Try it: Among the entries below, find the line with "Old School Pirate" and the line with "Jaqueta Bomber Feminina". Return exactly those lines and every line between them, but no pictures.

Start of Data for processing

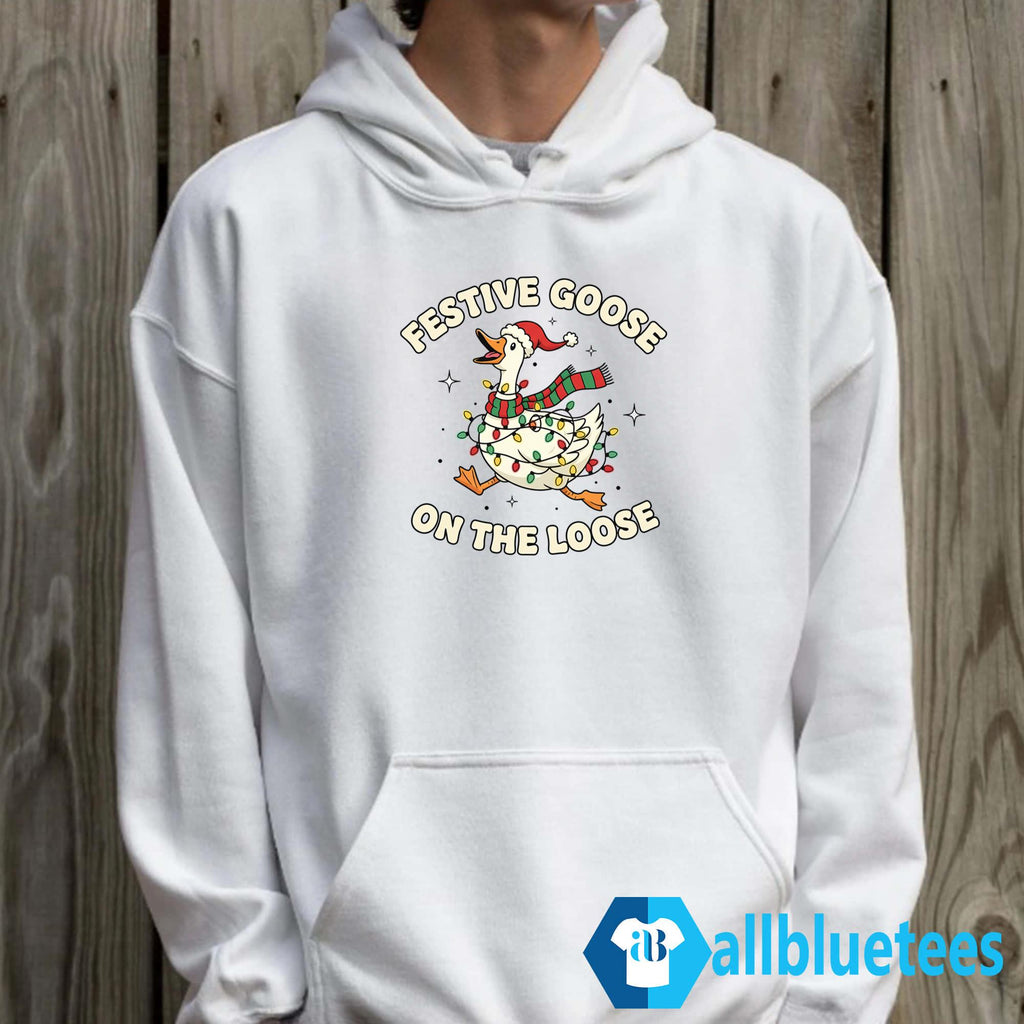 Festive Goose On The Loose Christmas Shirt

End of Data for processing
Start of Data for processing

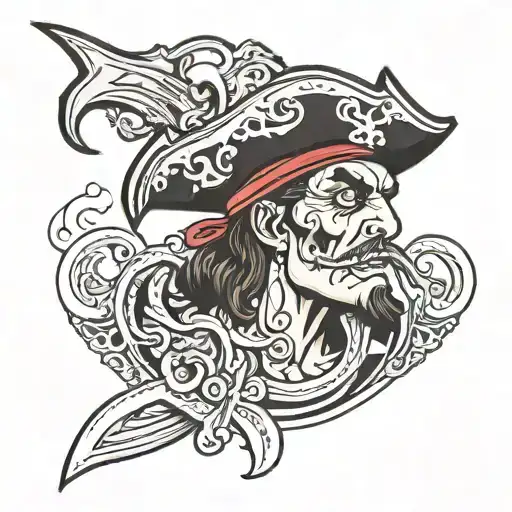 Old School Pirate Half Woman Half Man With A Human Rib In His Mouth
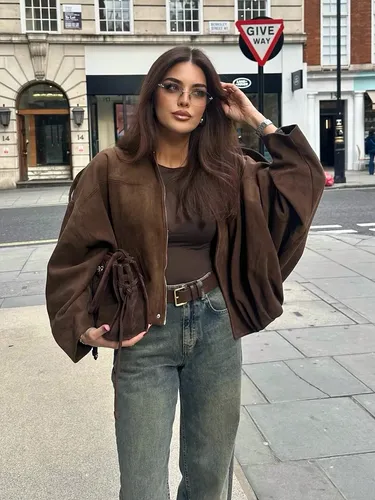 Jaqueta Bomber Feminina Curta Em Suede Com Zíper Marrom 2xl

End of Data for processing

Result for this exercise:
 Old School Pirate Half Woman Half Man With A Human Rib In His Mouth
 Jaqueta Bomber Feminina Curta Em Suede Com Zíper Marrom 2xl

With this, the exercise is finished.